I personally have a mortiser and it was a great purchase. I use it all the time. If you do not want to go that route and you are not interested in chiseling them by hand, I like the above suggestion of using the square mortising chisel and tapping it in with a hammer. That seems to be the best suggestion in my opinion.


----------



## bali_carpenter (Nov 21, 2009)

cemcgill said:


> i dont think that I would try it. It seems to me that the drill press will move too much and you are going to cause more headaches than you hope to avoid.
> 
> I personally have a mortiser and it was a great purchase. I use it all the time. If you do not want to go that route and you are not interested in chiseling them by hand, I like the above suggestion of using the square mortising chisel and tapping it in with a hammer. That seems to be the best suggestion in my opinion.


i m agree with u man...i think this is best sugges


----------



## georgewoodie (Oct 20, 2009)

clarionflyer:

I have used a chisel on drilled mortise. Using 1/4 inch shoulder measure as an example. Lay a 1/4 inch piece of plywood down in front of the mortise and rest the flat of your standard chisel on the plywood. Then cut your waste out.

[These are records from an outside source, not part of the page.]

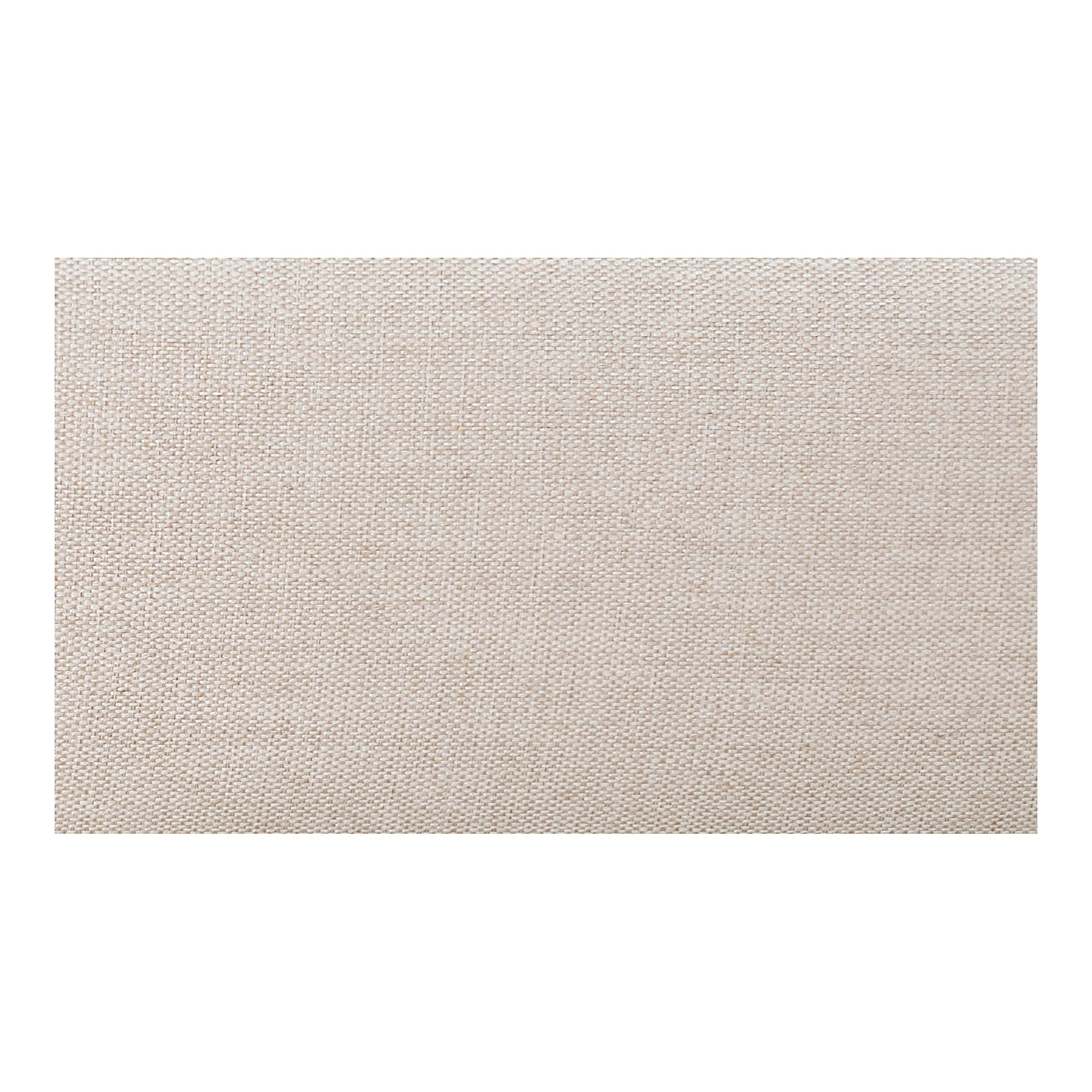 Luzon King Bed Wheat - 1630Living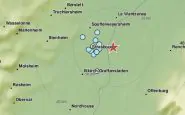 terremoto francia strasburgo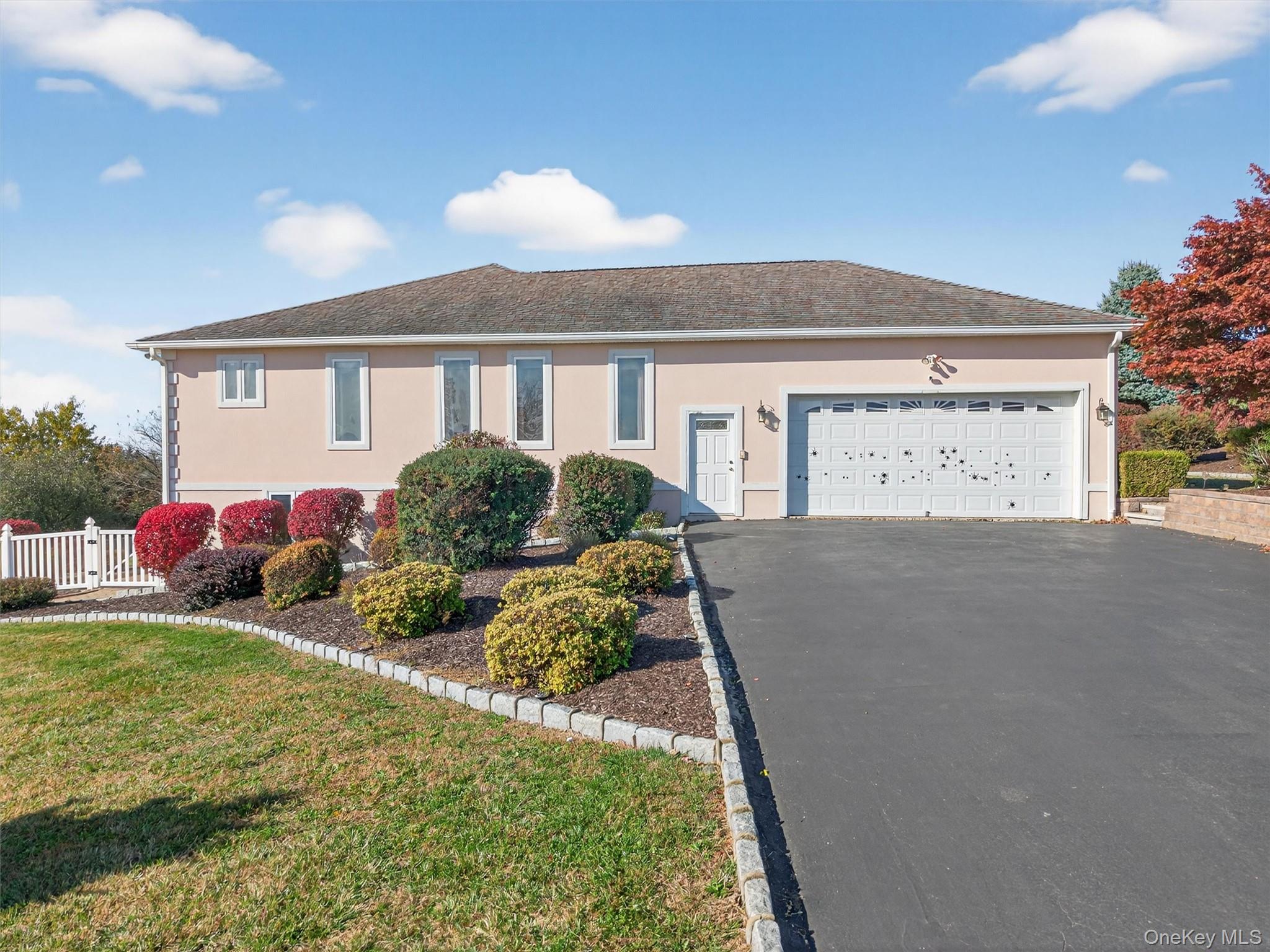 30 Heather Court Out of NYC Middletown, NY 10941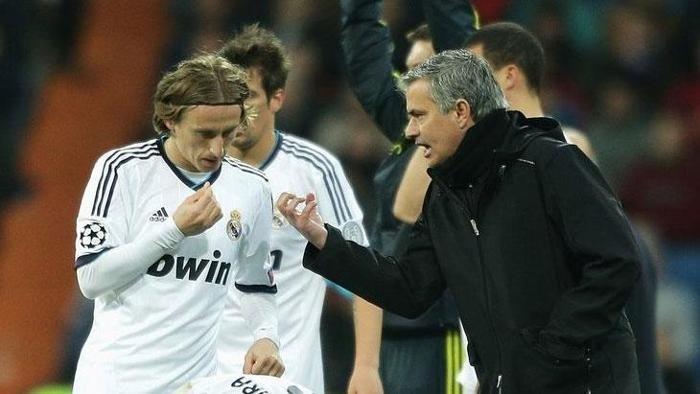 OLMASAYDI GELEMEZDİM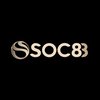 Avatar of SOC88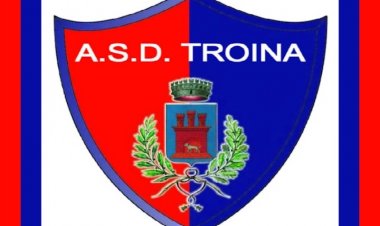 Troina, Boncore: «L'Acireale non è inferiore al Palermo»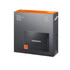 Thumbnail 4 : Samsung 512GB 830 Series SSD - Solid State Drive Notebook Kit incl Norton Ghost - MZ-7PC512N/EU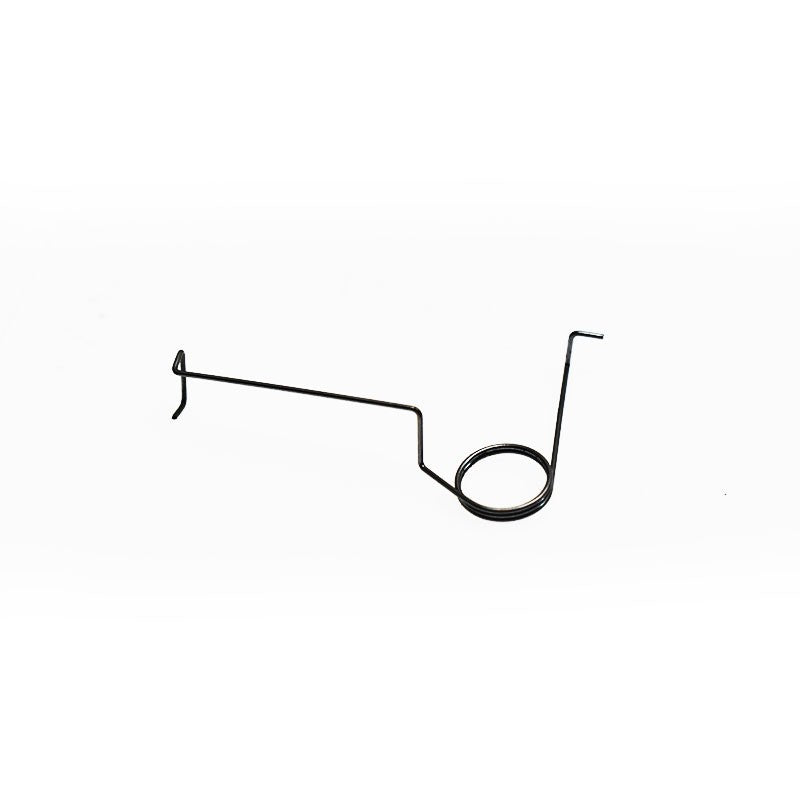 Spring Shindaiwa 22106-33150 22106-33150 Handle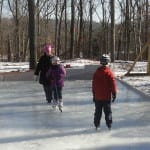 allthumbsdiy-backyard-ice-rink-day-6-skating-time-header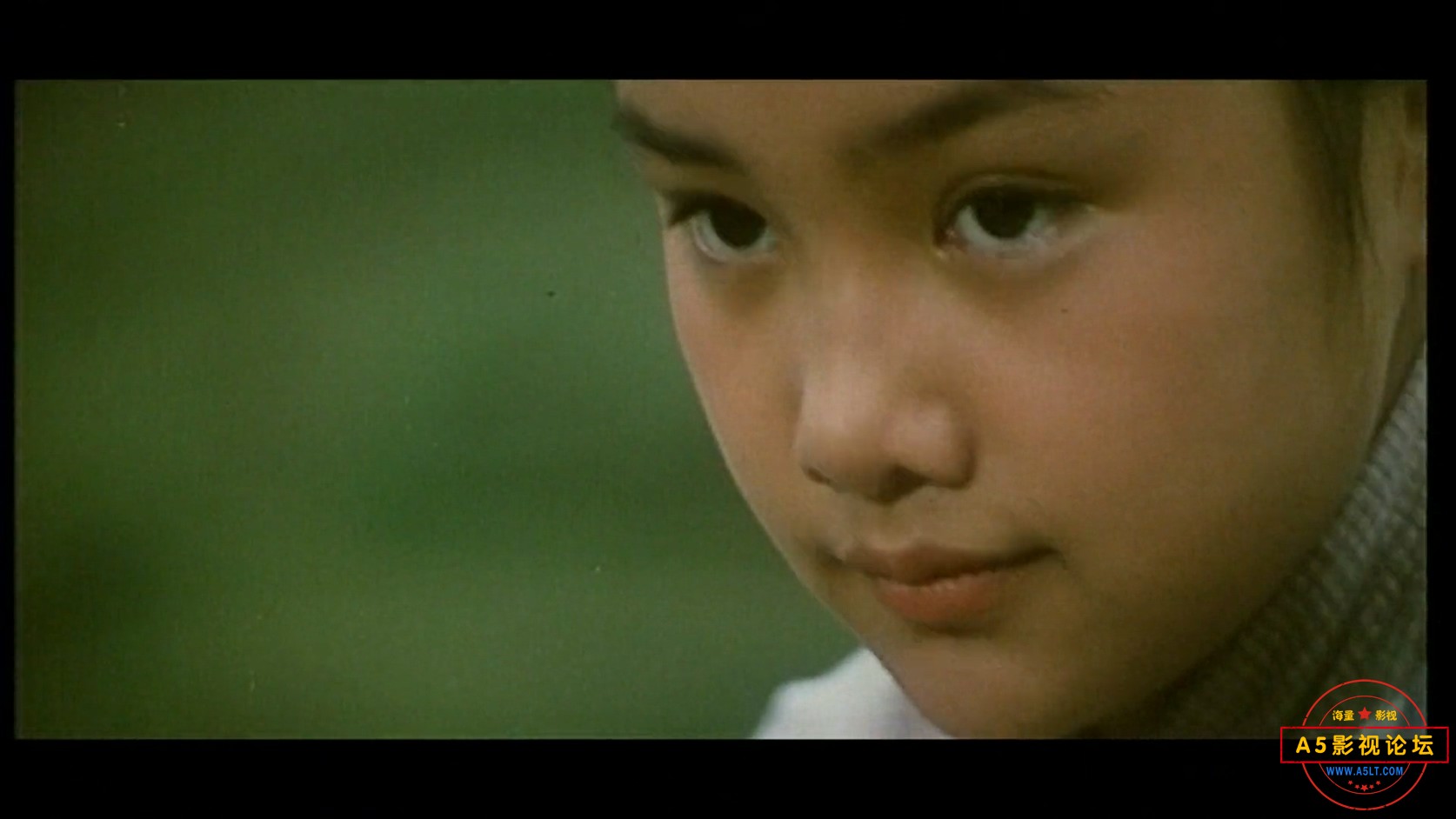边城.MP4_20250205_152555.941.jpg
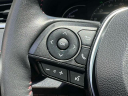 Thumbnail image of 2024 Toyota RAV4 Prime at Hillside Toyota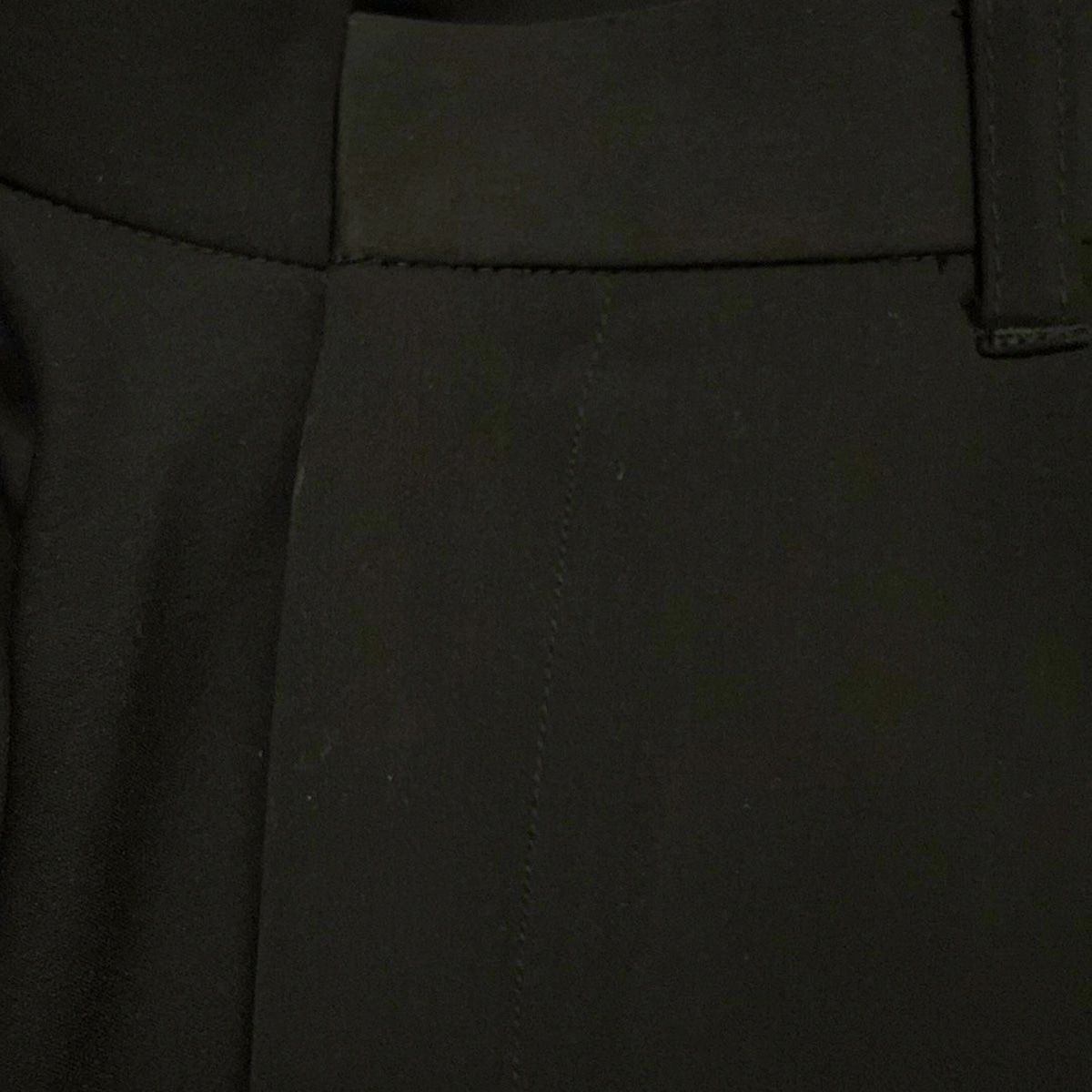 ガンリュウ パンツ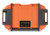 Orange|Orange|ALT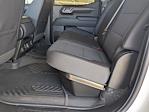 2025 Chevrolet Silverado 1500 Crew Cab 4x4 Pickup for sale #S1103694 - photo 11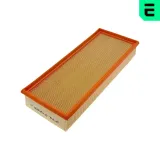 Luftfilter OPTIMAL OP-FAF10534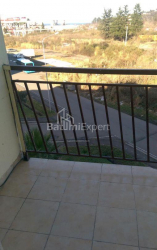 Բնակարան 65 մ² - Յուրիևսկայա, Batumi, Վրաստан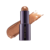 Kevyn Aucoin - Warm light | The Lighting Stick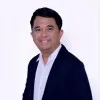 Stephanus Anthony Andre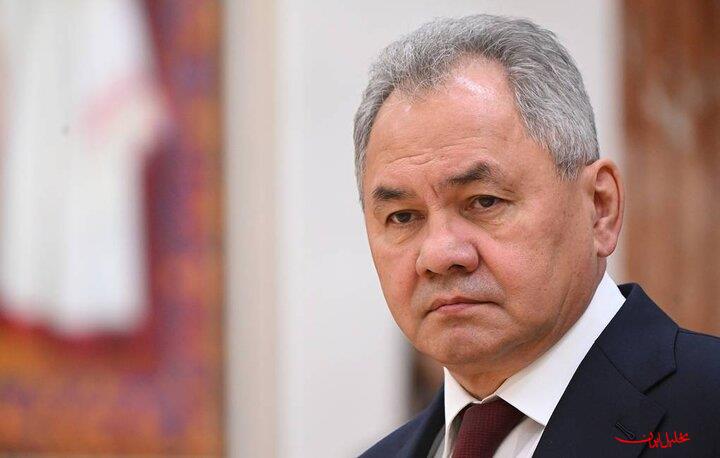  تحلیل ایران -انتقاد روسیه از اقدامات مخالف با روابط متحدانه توسط ارمنستان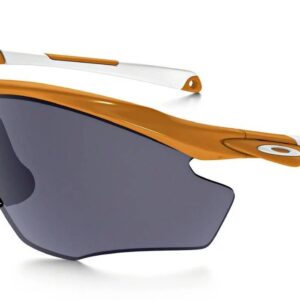 Oakley Glasses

I am making a coffee table and did this for the legs. Now I am making a jig so I can use my router to cut the mortise. That way, my inner cheek walls will be flat and straight. For the tenon, I have a jig that I use on my table saw so I get a good flat and measured tenon to fit. I have the router and bit so that is my choice rather than using a regular or motrise chisel with a less than desire fit or a mortise machine for which I have no room and prefer to spend my money elsewhere.

Woodie


----------